Gannett Co. slashed its chief executive's pay package by 60 percent last year, passing along the financial misery that has tormented the largest U.S. newspaper publisher as its stock price and profit shrank amid an industrywide drop in advertising revenue.
CEO Craig Dubow was granted 2008 compensation valued at $3.1 million, based on The Associated Press' analysis of figures Gannett filed with the Securities and Exchange Commission Wednesday. That's down from 2007 compensation of $7.9 million, which included estimates provided by the company of restricted stock and stock options that overstate what they are currently worth.

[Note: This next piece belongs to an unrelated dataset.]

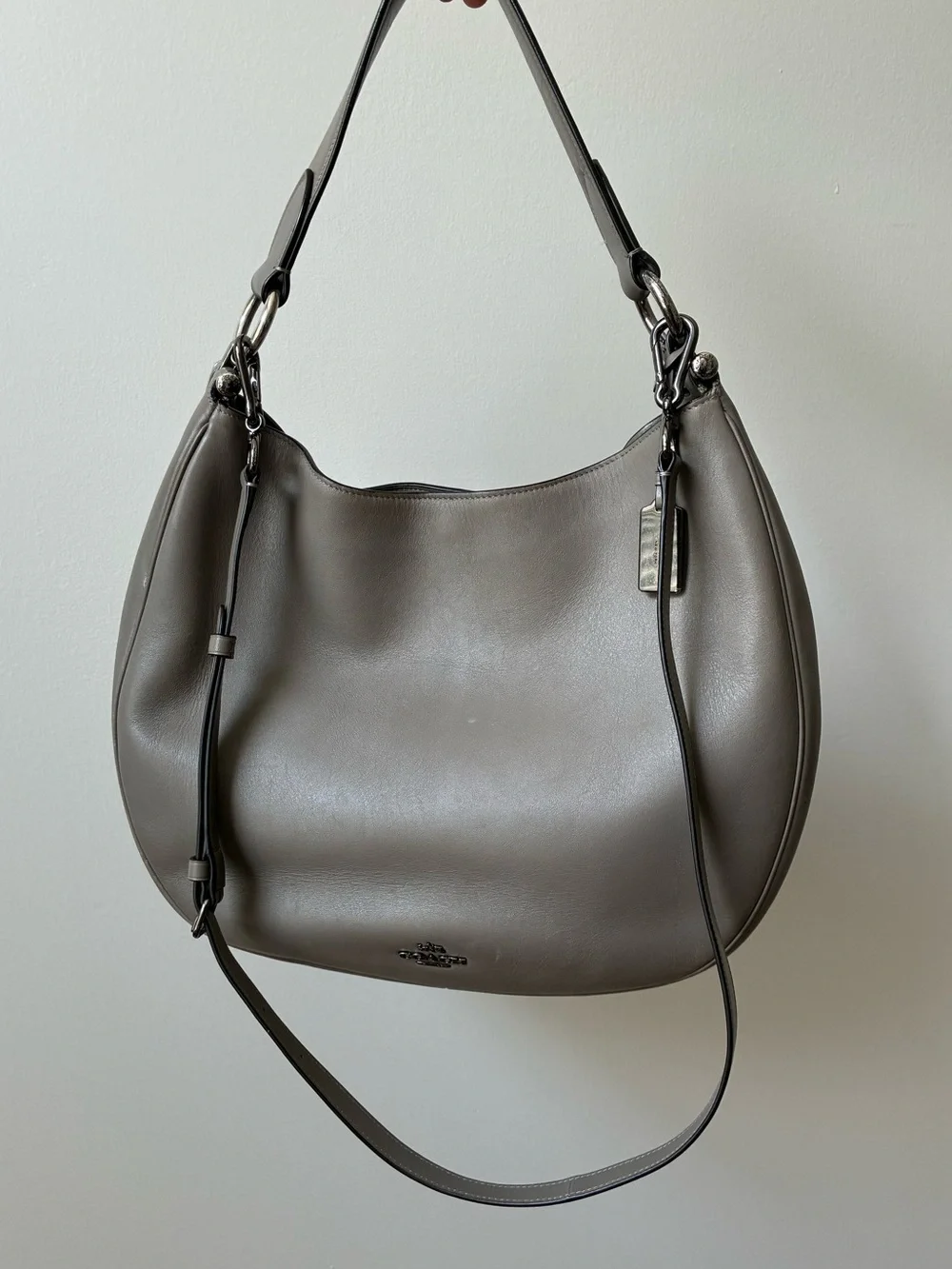 Coach Mae Leather Hobo Shoulder Crossbody Purse, 36026, Grey Birch / Gunmetal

As big as the decline in Dubow's 2008 pay package was, it still fell short of the 79 percent plunge in Gannett's market value that erased $8 billion in shareholder wealth last year.

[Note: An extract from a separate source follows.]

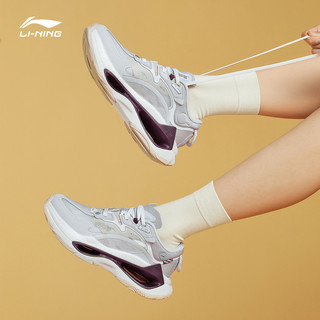LI-NING 李宁 休闲运动鞋 AGLR084-1 女款-米白色/荧光甜粉 35.5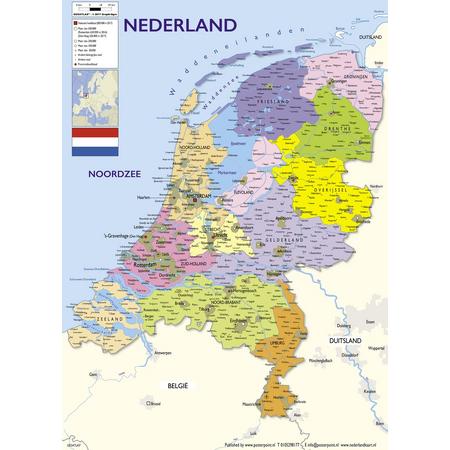 Nederland-Kaart-Landkaart-Schoolkaart-Poster-Extra Large-100x140cm.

The AP calculations include executives' salary, bonus, incentives, perquisites, above-market returns on deferred compensation and the estimated value of stock options and awards granted during the year. It is based on an amended SEC filing that includes changes Gannett made to explain the value of Dubow's stock awards more clearly than the McLean, Va.-based company's initial disclosures on Tuesday.
Gannett, which publishes USA Today and more than 80 smaller daily newspapers, has been scrambling to cope as the recession has exacerbated revenue declines from a years-long shift of advertising from the print medium to less expensive alternatives on the Internet, particularly with classified ads. Gannett's annual ad revenue from publishing fell 21 percent since 2006 to $4.15 billion last year.

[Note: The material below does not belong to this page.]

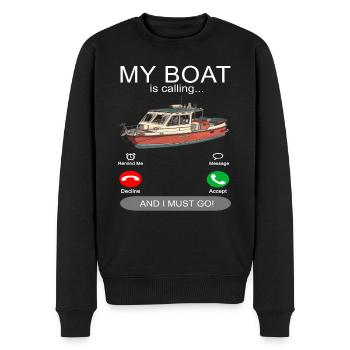 My boat is calling white - Boot Kapitän - Men's Premium Organic Jumper - black - Front - Nico (187cm)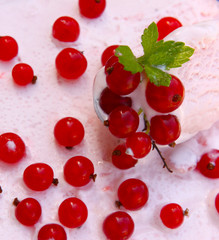 Eiscreme mit Johannesbeeren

Although it's considered to be in better financial shape than many newspaper publishers, Gannett still lost $6.6 billion last year. Most of the loss stemmed from non-cash charges to account for the crumbling value of Gannett's newspapers and the costs of eliminating more than 4,000 jobs last year, or about 10 percent of the company's work force.
Girding for even tougher times ahead, Gannett last month decided to cut its stock dividend for the first time in its history. The 90 percent reduction in the quarterly payout will deprive shareholders of about $325 million during the next year.
Beginning this year, the company also has stopped paying for Dubow's home security to save money.
Dubow's 2008 pay consisted mostly of a $1.17 million base salary and a $875,000 bonus.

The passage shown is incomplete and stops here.